Air pollutants and greenhouse gases share emission sources, including through the combustion of fossil fuels (coal, oil, natural gas). Therefore, climate policies aimed at reducing greenhouse gases will produce the 'co-benefit' of also reducing air pollution, which is responsible for millions of deaths per year globally. However, little is known about how these co-benefits in air quality are likely to be distributed across populations, and how this distribution depends on choices between leading climate policy options. As one example, electrifying the transport sector will likely have much different implications for populations living near major roads – often disproportionately minorities and people of lower socioeconomic status – compared to a policy focusing on power plants. No systematic research has yet quantified these relationships and it is unclear which ways of pursuing climate policy will best achieve society's health and equity objectives. This project will investigate these complex socio-environmental dynamics through a two-step process. First, the co-benefits of different climate policies as related to air quality will be estimated, along with how those policies will differentially impact health across socioeconomic subpopulations. Then that information will be used to examine how climate policy decisions may be optimized using models that include other aspects of the broader system, such as economic and demographic change, as well as the impacts of climate change itself.

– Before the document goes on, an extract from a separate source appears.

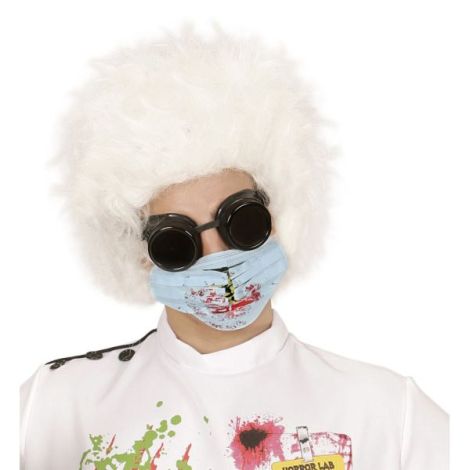 Masca medicala halloween toxic - poza 4
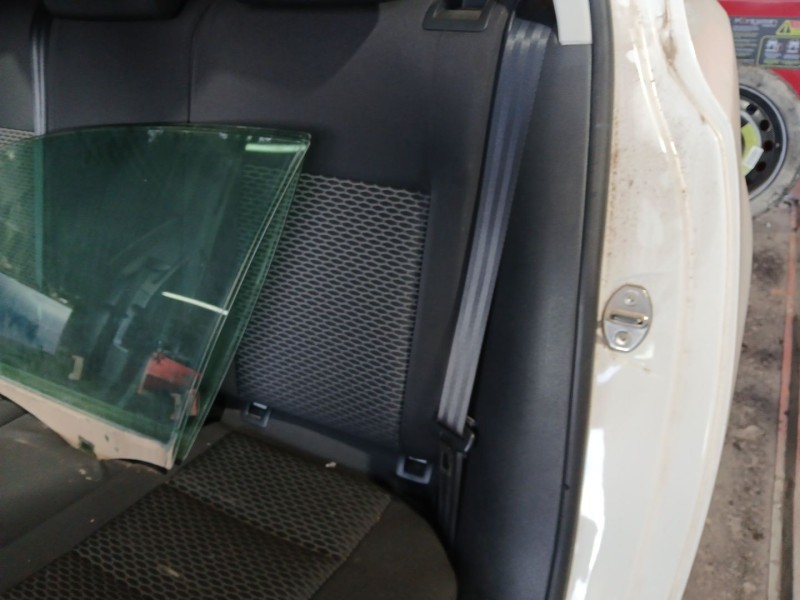 Recambio de cinturon seguridad trasero izquierdo para volkswagen golf vi (5k1) 1.6 tdi referencia OEM IAM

The human system and the atmospheric system are inextricably linked. Humans produce emissions, emissions alter the atmosphere, and the atmosphere in turn affects society, for example through exposure to air or water pollution, property damage from storms and wildfires, and impacts on agricultural yields and ecosystems. The level of anthropogenic emissions is modifiable through policy choices, which are themselves a complex output of interactions between social and ethical subsystems. This project will model the dynamics of this highly integrated system, with a focus on feedbacks between climate policy, air quality, and equity. The air quality 'co-benefits' of climate policy are important because of their policy relevance, given that these benefits are large, begin immediately, and occur locally. These impacts will not be uniform across regions in space or time, and so it is important to determine how climate action might alleviate or exacerbate existing inequalities in air pollution exposure. These relationships will be examined through novel air quality modeling and improvements to leading cost-benefit climate policy models. The goals are to :  Conduct multi-scale modeling to determine how air quality will change as a result of different climate policies, and how those changes will differentially impact socioeconomic subpopulations within cities, regions and countries;  Incorporate the newly estimated relationships into leading climate policy models;  Analyze optimal policy relative to different objectives that society might endorse. These objectives have numerous broader impacts that include reducing income inequality, alleviating health disparities, ensuring equitable burden sharing between nations, and intergenerational justice.
This award reflects NSF's statutory mission and has been deemed worthy of support through evaluation using the Foundation's intellectual merit and broader impacts review criteria.